First library
Who
The Library of Ashurbanipal
What
first first
Where
Iraq (Mosul)
When
668

The oldest known library was assembled by Ashurbanipal, King of the Assyrians, between 668 and 631 BCE. It was located in his royal palace in Nineveh (in present-day northern Iraq, near Mosul), and included some 30,000 clay tablets, inscribed with cuneiform writing. While earlier royal archives have been discovered (notably at Ebla in present-day Syria) the Library of Ashurbanipal is the first to represent a concerted effort to collect and organize literary texts that have no practical purpose to the running of a centralized state.


King Ashurbanipal was the last great king of the Assyrian Empire, who ruled from his father's death in 668 to his own death in 631. He inherited control of what was arguably the most powerful state in the world at the time, and through diplomacy and military action raised it to even greater heights. He was unusually highly educated and literate for a king, perhaps because, as he was born only third-in-line for the throne, he was originally being groomed for some sort of religious or scholarly life.

There had likely been some kind of archive at Nineveh for generations, but it underwent a major period of expansion during Ashurbanipal's reign, transforming from an administrative archive (like that found at Ebla) to a library as we would understand the term today. Ashurbanipal was a dedicated reader and collector of written works, who liked to be portrayed in official statues with both a sword and a writing stylus. In his library, he wanted to collect all written knowledge of earlier times under one roof, including texts on divination, religion, language, medicine, magic, ritual, history, poetry, folktales and myths.

In addition to commissioning an army of scribes to copy texts and create new ones, he also used his enormous power and influence to acquire texts from his vassals and neighbours. One of the surviving tablets (known as BM45642), for example, reveals that Ashurbanipal was in the habit of sending "shopping lists" to scholars in the cities under his control, demanding that they send him copies of specific texts for his collection.
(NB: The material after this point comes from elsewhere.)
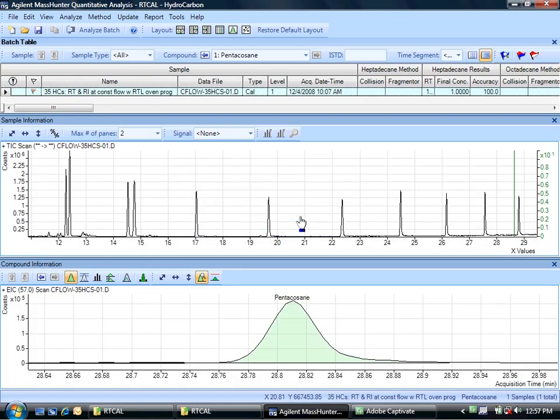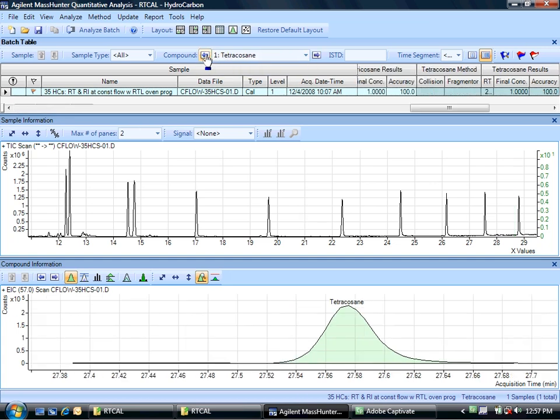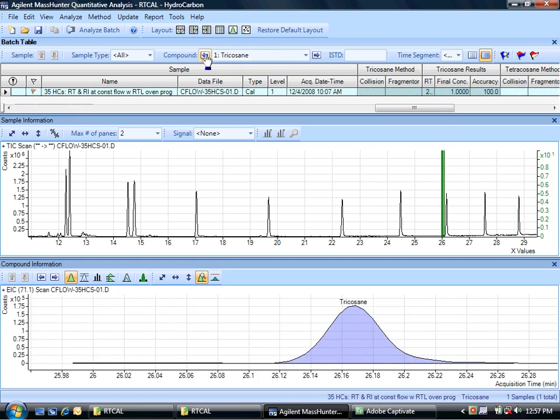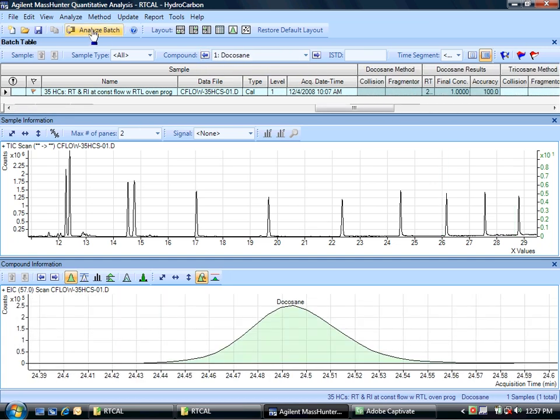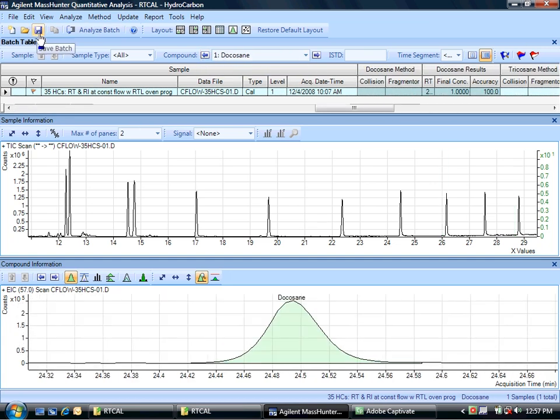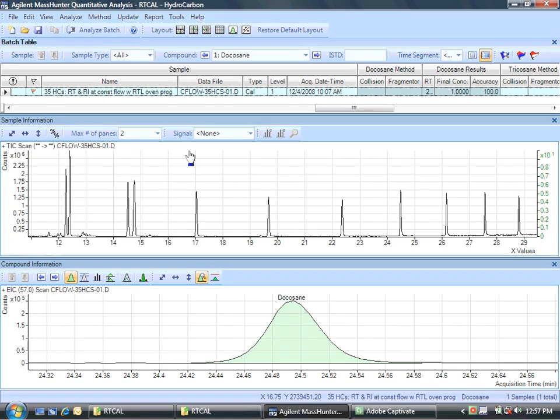With that valid method I can then apply that method to the batch. I've got a single sample batch and I can see here I'm finding all of those compounds. Now I will save that batch, and I've got what I need to move on to make the retention time calibration mapping.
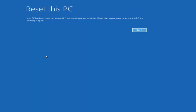The next main screen says Reset This PC — Your PC has been reset, but we couldn't remove all your personal files. If you plan on giving away or recycling this PC, try resetting it again. Click Got It.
The library is also notable for the evidence of careful management and organization. Each tablet contains a colophon -- what would now be called the tablet's metadata -- which records what number it is in a series, how it is to be filed and, of course, a "library stamp" establishing that it belongs to Ashurburnipal's collection. There were often multiple copies of each work, and the care that has been taken in the filing suggests that a large number of people had access to this library and made use of the texts.

The greatest treasure of the Library of Ashurbanipal is probably the Epic of Gilgamesh, one of the oldest surviving literary works. It tells the story of a mythological hero, Gilgamesh, and his battles with gods and monsters. This epic poem is thought to have been a major influence on the writers of Ancient Greece.